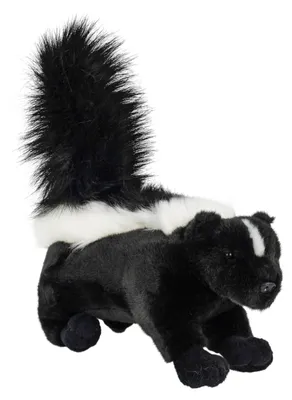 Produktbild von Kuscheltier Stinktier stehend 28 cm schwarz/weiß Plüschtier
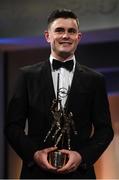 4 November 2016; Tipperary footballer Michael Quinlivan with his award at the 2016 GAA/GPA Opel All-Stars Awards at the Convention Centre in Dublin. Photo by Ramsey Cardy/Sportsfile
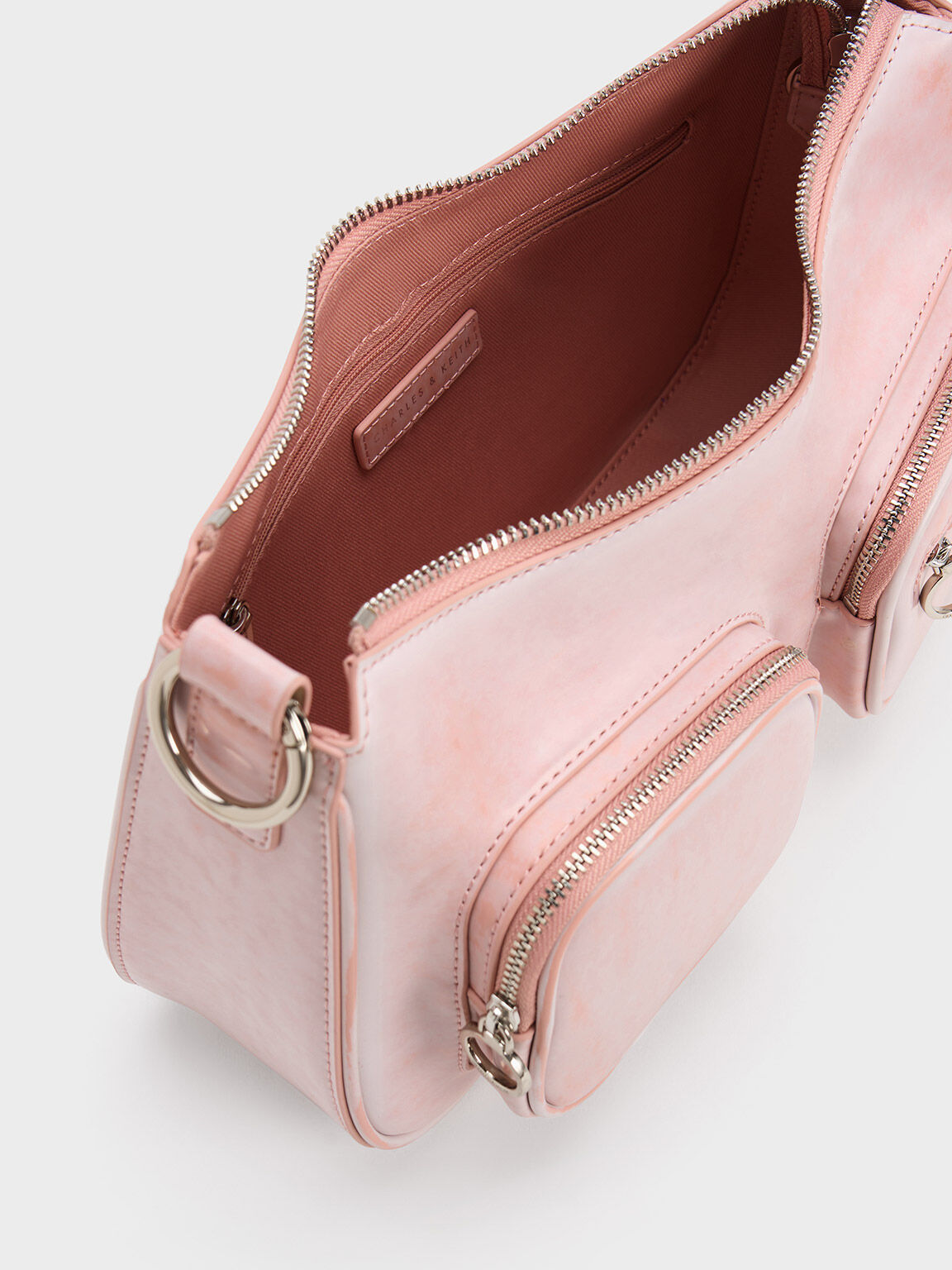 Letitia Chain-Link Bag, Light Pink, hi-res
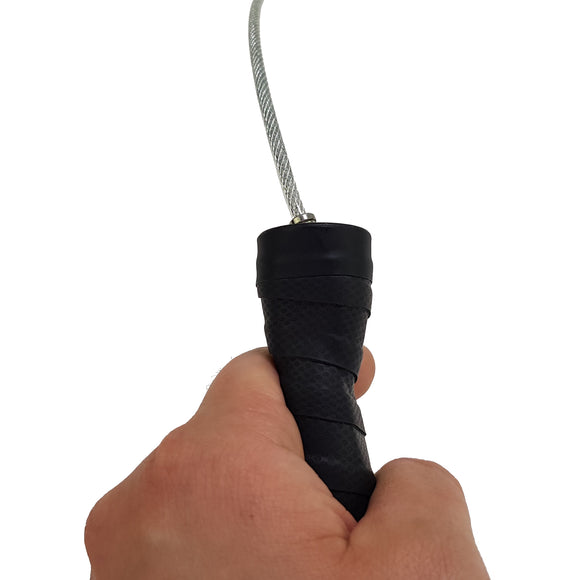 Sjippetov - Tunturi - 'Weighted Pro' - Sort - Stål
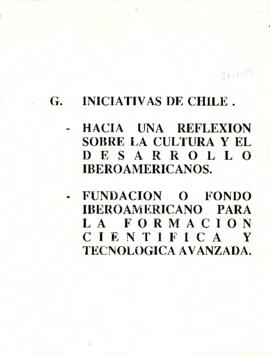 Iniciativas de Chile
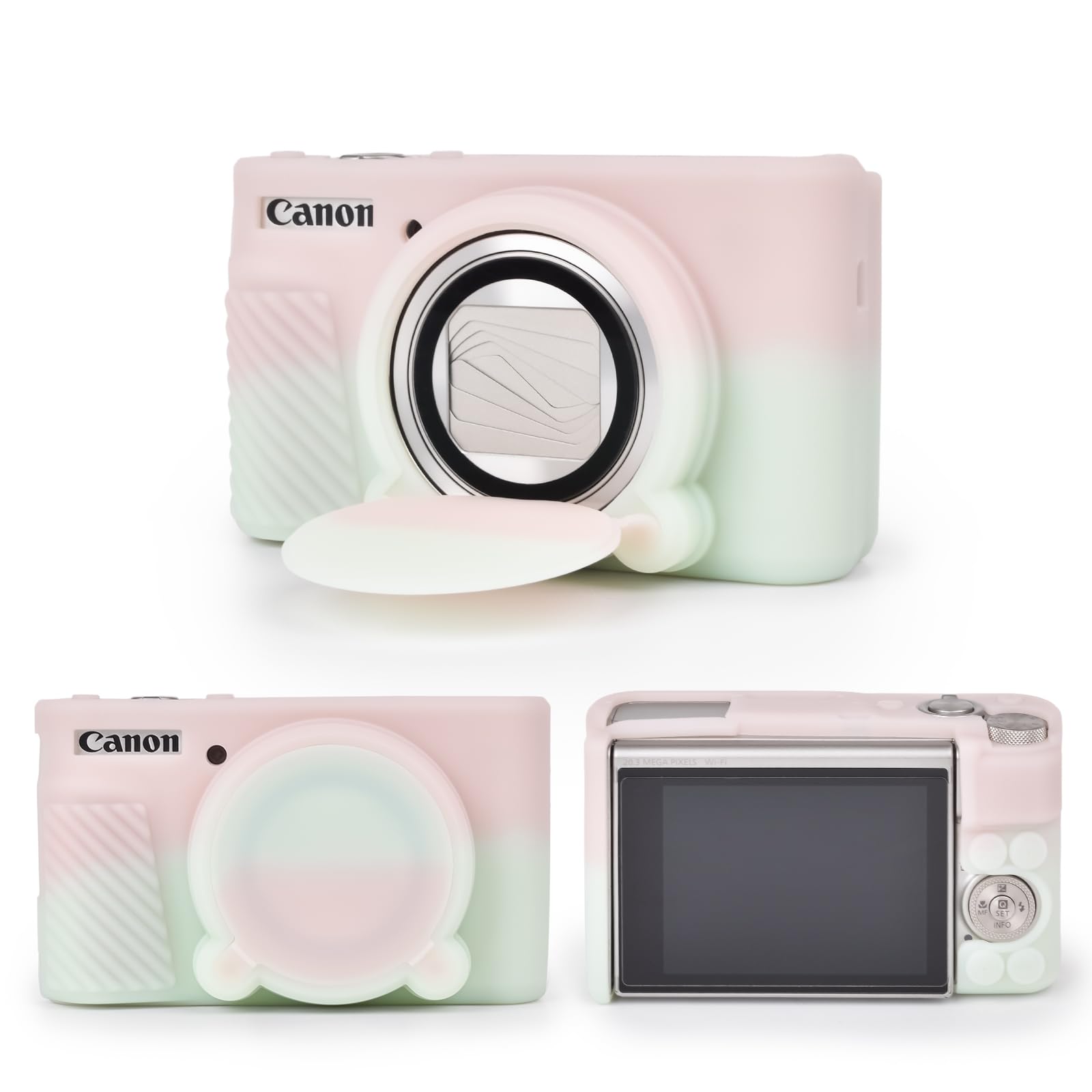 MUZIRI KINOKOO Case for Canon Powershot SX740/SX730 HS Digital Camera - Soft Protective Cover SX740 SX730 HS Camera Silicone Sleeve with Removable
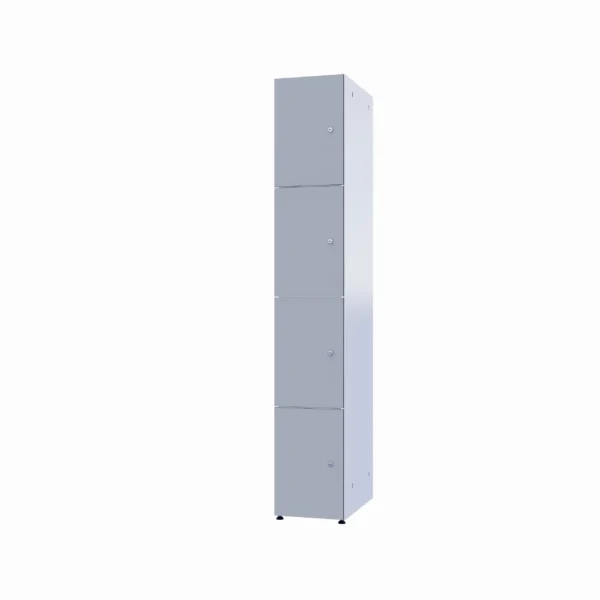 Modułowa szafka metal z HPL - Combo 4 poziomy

Problem statement:
Word for word, print every record, and leave out any picture.

Exercise solution:
 Produktbild von Kuscheltier Stinktier stehend 28 cm schwarz/weiß Plüschtier
 4 November 2016; Tipperary footballer Michael Quinlivan with his award at the 2016 GAA/GPA Opel All-Stars Awards at the Convention Centre in Dublin. Photo by Ramsey Cardy/Sportsfile
 Letitia Chain-Link Bag, Light Pink, hi-res
 Sjippetov - Tunturi - 'Weighted Pro' - Sort - Stål
 Iniciativas de Chile
 MUZIRI KINOKOO Case for Canon Powershot SX740/SX730 HS Digital Camera - Soft Protective Cover SX740 SX730 HS Camera Silicone Sleeve with Removable
 Modułowa szafka metal z HPL - Combo 4 poziomy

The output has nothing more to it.